Stop pretending your business is some cozy family unit. It’s not. Your employees are not your kids. Your managers are not your cousins. You are part of a business exchange where everyone is there by choice, because it serves them well.
You’re not a family. You’re not a group of friends. You’re not even a tribe. If anything, you’re a sports team. High performance is the focus. Championship wins are the goal. Every person on the team plays a different role in making success happen. You play your best players when the timing is right.
“We are a family here” is a bad phrase for business and this way of working is holding back your success. Professional teams coordinate. Families emote. Know the difference and use it to get the vibe right in your company.
Here’s how and why to change the language to succeed together on better terms.
Professional teams operate differently from families
Families stay together through everything. Teams change when they need to. You will fire a team member who doesn’t perform. You will let them leave for a better offer. You will ask them to step up or step down. You’ll review, reward, and replace them.
No one does quarterly performance reviews with their mother. No one makes their sister redundant because a role isn’t needed anymore. No one tells their brother he needs to improve his output or else. Call your team what it is: a team.
Even if you happen to be related, move that aside in a work capacity. My mum worked at my company for six years, but in a work context I called her by her first name. She did great work because she’s a conscientious professional, not because she’s my mum.
Lead like a boss not like a parent
Pay your team well, give clear expectations, then let them deliver. It’s simple, really. They’re adults who signed up to be there and give their best effort. Adults who know they’re getting paid market rate to hit their targets.
Provide what they need to thrive. Equipment, instruction, feedback that works. Support their growth and set them free. Keep it professional and stay away from emotional manipulation. Don’t guilt trip them into loyalty. Let them choose it.
I’ve worked with my husband since 2014 but there’s no obligation. He doesn’t coerce me into working different hours, I don’t expect him to stay on board if he’s not enjoying the work. Family dynamics complicate business relationships. Keep it professional.
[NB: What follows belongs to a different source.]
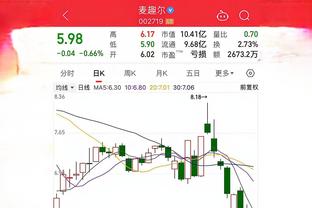 雷竞技体育官网登录截图3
Value voluntary association
People choose to work in your company. They spend their hours serving your mission because it’s mutually beneficial. You both win from the agreement. Watch what happens when you respect that.
Build bonds around shared goals and values. Create a place people want to be, not one they feel emotionally and financially trapped in. When you demand nothing more than professional excellence, you create space for real commitment to form.
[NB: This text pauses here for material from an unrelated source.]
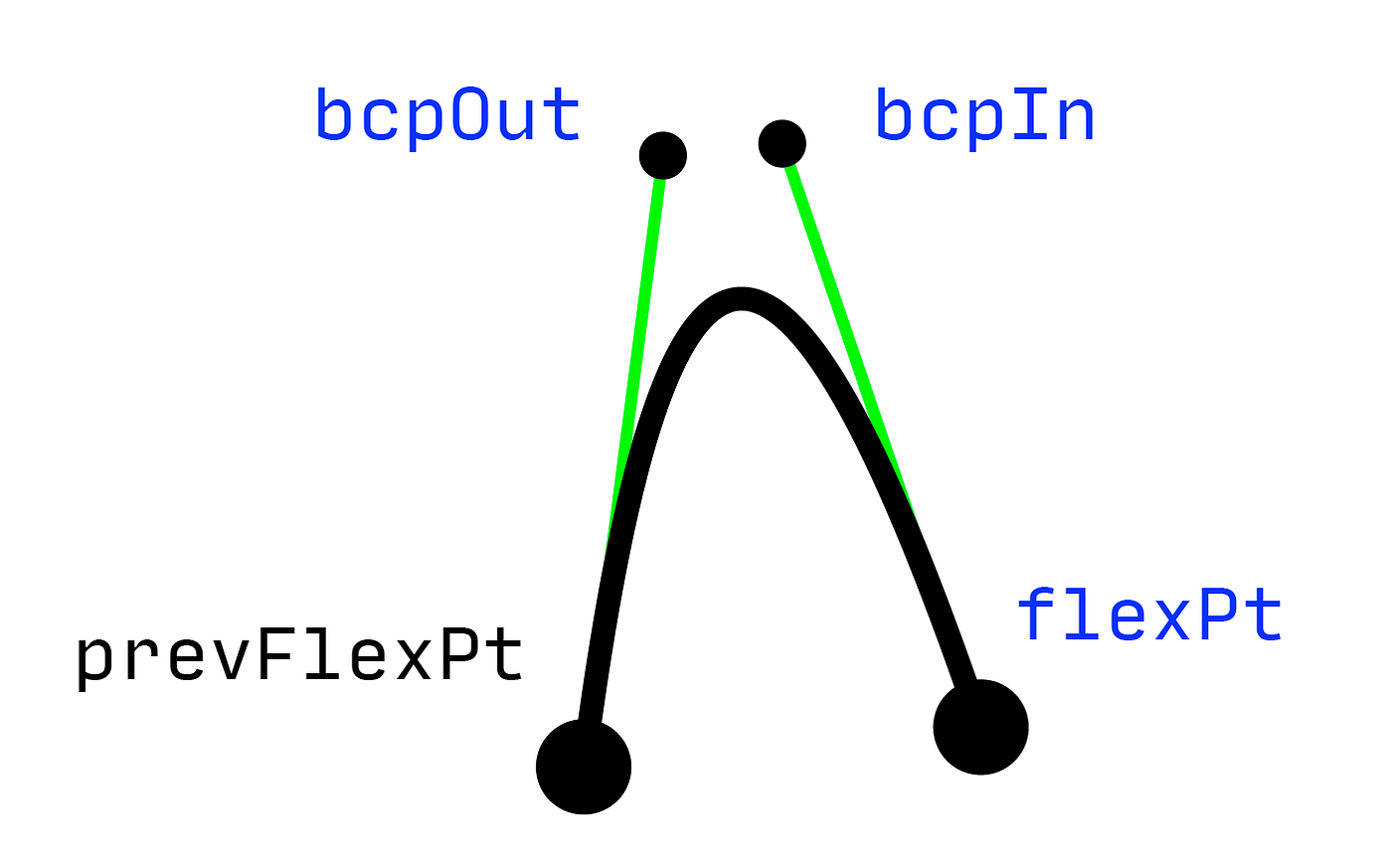 How to draw a wiggle between two points with Python and Drawbot | by ...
Strong-arming people into being part of your team is never the way. Getting too attached isn’t either. Value their contribution but don’t build hope that it will last forever. Stay present, stay focused, and remain in control.
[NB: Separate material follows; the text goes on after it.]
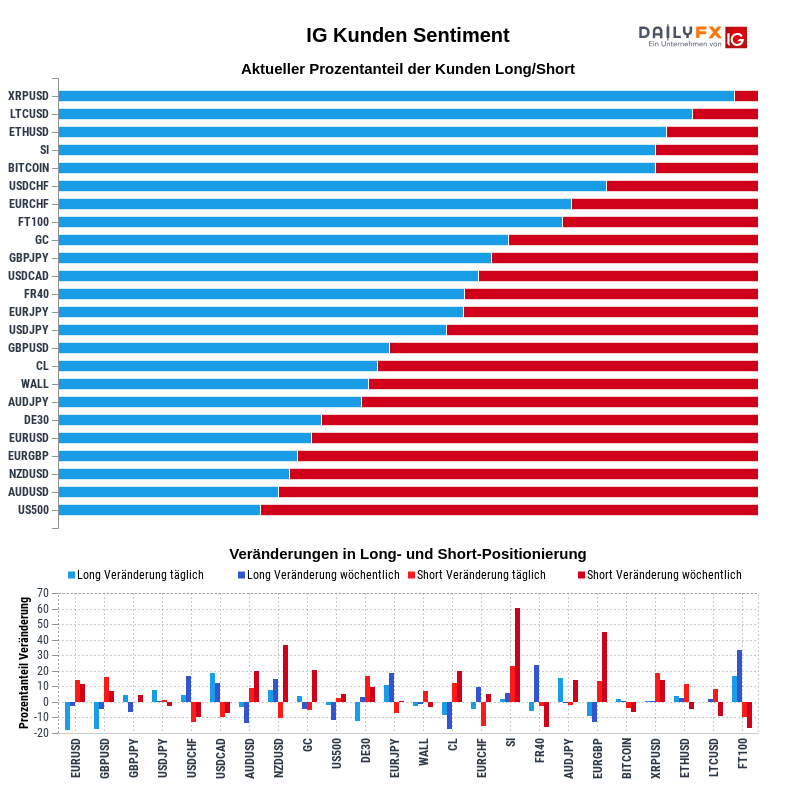 IG Kundensentiment 2020-07-09 12:00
Keep expectations crystal clear
No one should feel like they have to make excuses to skip the office Christmas party. Real families care about showing up to social events. Real businesses care about results.
Everything gets easier when you call things what they are. Drop the family language and subsequent drama. No passive aggressiveness allowed. State what you want. Reward what you value. Watch everyone breathe a sigh of relief.
When I ran a 20-person agency we held regular team drinks. But no one was obliged to be there. If someone has something else to do, that’s absolutely fine. If a team member doesn’t care about meeting everyone else or contributing to culture, that’s totally their call. Take it or leave it should always be the vibe.
Calling your team a family is holding your business back
Your company needs standards, boundaries, and professionalism to win. Not endless compromise, unspoken rules or mismatched expectations. Zero passive-aggressiveness or wishing things were different.
Create an environment where everyone knows what success looks like. Build a professional team and treat them accordingly. Create real loyalty, not guilt-laden attempts at workplace bonding.
Let go of calling your team a family. Build a culture based on what matters: excellence, respect, and clear communication.